Our advice here needs to be kept to a set of standards that are fool proof, not people's proud opinions based on their so called "success".

----------


## Louis Charles Bruckner

At least I had the common courtesy to do it privately.

----------


## rob2000

Aww, lets all take a nice Sunday relaxation breath. Hope the weather is just as nice there as it is here or better!

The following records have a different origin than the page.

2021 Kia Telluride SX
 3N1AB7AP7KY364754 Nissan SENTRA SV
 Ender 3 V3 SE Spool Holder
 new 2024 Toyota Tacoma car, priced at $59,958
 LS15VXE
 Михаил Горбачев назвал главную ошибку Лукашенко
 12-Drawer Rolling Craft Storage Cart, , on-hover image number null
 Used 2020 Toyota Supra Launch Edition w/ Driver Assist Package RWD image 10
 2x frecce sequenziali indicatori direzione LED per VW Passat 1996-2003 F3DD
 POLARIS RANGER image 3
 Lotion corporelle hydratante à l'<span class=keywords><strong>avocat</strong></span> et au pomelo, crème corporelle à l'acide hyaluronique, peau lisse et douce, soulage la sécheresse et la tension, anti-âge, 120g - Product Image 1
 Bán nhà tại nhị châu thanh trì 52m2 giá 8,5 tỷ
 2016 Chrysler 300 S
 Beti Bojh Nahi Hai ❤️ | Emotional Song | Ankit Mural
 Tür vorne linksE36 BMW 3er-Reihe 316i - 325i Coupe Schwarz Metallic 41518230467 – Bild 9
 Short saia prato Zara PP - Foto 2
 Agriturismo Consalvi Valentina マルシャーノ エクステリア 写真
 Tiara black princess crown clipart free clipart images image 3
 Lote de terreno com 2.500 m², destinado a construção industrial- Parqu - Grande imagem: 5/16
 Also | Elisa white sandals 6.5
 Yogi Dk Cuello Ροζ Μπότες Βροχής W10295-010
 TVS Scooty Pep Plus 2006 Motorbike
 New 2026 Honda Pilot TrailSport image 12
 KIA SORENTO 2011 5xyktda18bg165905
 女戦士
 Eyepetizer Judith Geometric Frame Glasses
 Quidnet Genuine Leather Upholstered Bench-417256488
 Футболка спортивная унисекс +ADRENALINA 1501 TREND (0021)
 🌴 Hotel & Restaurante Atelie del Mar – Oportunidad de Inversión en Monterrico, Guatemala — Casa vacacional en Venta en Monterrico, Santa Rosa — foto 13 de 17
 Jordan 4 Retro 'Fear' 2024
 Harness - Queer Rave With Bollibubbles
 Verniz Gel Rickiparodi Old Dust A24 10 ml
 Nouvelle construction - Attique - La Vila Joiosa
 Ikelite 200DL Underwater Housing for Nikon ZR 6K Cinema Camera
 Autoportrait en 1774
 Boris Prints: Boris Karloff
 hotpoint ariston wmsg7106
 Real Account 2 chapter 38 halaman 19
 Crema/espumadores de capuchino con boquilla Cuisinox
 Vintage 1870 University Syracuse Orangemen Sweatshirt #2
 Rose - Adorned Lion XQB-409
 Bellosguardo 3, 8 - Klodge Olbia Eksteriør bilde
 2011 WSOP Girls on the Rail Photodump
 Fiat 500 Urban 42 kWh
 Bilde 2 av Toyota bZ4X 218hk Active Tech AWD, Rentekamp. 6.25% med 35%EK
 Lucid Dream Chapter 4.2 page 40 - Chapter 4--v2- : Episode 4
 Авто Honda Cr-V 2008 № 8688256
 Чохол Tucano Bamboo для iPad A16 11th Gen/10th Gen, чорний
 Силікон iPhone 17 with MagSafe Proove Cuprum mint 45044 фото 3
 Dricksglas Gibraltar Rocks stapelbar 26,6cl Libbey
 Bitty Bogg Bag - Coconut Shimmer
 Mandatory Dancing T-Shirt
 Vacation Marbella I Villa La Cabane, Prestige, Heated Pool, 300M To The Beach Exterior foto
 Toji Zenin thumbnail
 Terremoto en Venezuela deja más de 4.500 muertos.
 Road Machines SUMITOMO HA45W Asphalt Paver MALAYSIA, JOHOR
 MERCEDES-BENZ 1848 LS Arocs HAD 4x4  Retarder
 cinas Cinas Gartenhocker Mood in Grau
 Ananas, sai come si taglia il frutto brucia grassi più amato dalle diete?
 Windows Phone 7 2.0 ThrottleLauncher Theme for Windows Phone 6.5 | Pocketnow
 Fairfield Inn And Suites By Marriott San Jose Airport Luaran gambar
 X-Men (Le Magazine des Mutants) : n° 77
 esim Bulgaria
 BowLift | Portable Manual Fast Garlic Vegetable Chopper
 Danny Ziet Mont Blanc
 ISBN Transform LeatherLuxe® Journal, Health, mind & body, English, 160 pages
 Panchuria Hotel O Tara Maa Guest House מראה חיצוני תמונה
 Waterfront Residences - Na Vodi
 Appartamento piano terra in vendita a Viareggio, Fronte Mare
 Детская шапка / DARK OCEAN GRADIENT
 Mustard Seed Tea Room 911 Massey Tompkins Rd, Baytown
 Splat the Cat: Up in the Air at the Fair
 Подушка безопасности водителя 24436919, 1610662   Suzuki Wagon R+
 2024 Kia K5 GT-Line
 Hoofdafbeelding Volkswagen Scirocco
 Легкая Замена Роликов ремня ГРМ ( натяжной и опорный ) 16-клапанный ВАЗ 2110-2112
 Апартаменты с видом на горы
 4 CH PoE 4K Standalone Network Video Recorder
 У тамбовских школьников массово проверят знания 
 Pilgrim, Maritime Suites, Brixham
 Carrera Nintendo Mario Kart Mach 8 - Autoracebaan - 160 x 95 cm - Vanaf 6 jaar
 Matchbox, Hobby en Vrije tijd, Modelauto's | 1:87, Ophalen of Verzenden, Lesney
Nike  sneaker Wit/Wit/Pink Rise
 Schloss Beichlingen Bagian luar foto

Anyway, good news is that the foam thing seems to be working. The filter is up and running. Not sure if it is too strong of a current for him or not, he seems to be getting swept away a little and goes to the little silky plants I have in there for protection. I am thinking I might stop at the pet store (yet again) and pick up some more hiding places etc so he can move around some more without getting pushed around. 
How active should a clawed frog really be? Usually he just comes to the front for food but now he seems to be moving around more. Is this ok?

----------


## Felis

Hi,

I bet it just enjoys the room it has now  :Wink:  It also has to get used to the new tank. ACFs like to swim; as long as it does take a rest from time to time, it will be just fine.

You can also use simple terracotta pots (new ones without fertilizer residues) for the frog to hide in; you only have to make sure that there are no too-small holes so that the frog can´t get stuck.

----------


## rob2000

Well that would be great! I think I am going to also pick up an argentine sword or two to help him rest close to the top. For now I have to figure out how to close up the filter so he doesnt escape while I am out.
He is really active right now. I think I am going to be careful of how much food I give him so he doesnt get more bloated from fatness! How often should I feed?

Anyone have experience with those tubed plants at Petco. No one online seems to mention that they could have disease etc. Tube said "no snails". Should I be concerned?

----------


## rob2000

Anyone have experience with those Petco tubed plants? I did some research online and seems that they arent raised with snails. My main concern would be bacteria/parasites etc obviously.

----------


## Felis

Hm, about every two to three days is normally a good feeding regime for an adult frog. Yours is very small for its age, but I would try it like this. Just watch it carefully; you will soon find out the right amount. 
I´m not sure if it will grow despite of it´s age or if the bloat will reduce (could be a permanent kidney damage amongst other possibilities), but there still is a good chance that it will have a good life with improved environmental conditions. High quality food might help as well.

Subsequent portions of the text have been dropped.